Some films make us ladies long to live in different times. Times when, if you were fortunate enough to be rich, life seemed to be an endless round of house parties, sumptuous breakfasts and walks in the park, and your day was constantly enlivened by crisp witticisms uttered by divine-looking potential mates.
Usually, these films are based on works by Evelyn Waugh or Oscar Wilde (not Jane Austen — her heroines are too busy sewing). And even if they conjure up an image of a drawing room that probably never existed, even in Belgravia, we can’t help but be drawn in to the delicious portrayal of upper class English society. Instead of today’s pink-shirted sloanes and braying Henriettas, we have elegant young men called Arthur (Rupert Everett) and solid English beauties named Gertrude (Cate Blanchett) and Mabel (Minnie Driver).

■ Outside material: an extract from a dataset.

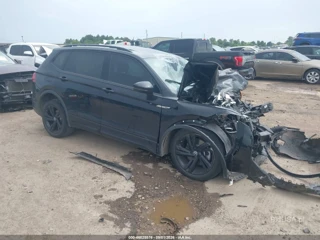 VOLKSWAGEN VOLKSWAGEN TIGUAN 2.0T SE R-LINE BLACK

The plot, of course, is intricate, involving people doing the right thing which inevitably makes everyone else do the wrong thing. There’s a blackmail intrigue, by which scheming Mrs Cheveley (Julianne Moore) aims to make a lot of cash out of ‘upstanding’ Parliamentarian Sir Robert Chiltern (Jeremy Northam), and a complicated ménage a trois of prospective lovers (Arthur, Mabel and Mrs C).
But we really shouldn’t concern ourselves with the intricacies of the events of the film. We know things will resolve themselves happily – the pleasure is how we get there. And that means paying full attention to the barbed comments and polished epigrams that director Oliver Parker’s perfectly suited and booted cast let fly every other minute.
So ignore Minnie Driver’s precociousness, and Jeremy Northam’s stiffness, and enjoy what is, after all, a damn fine film. With a lot of pretty dresses.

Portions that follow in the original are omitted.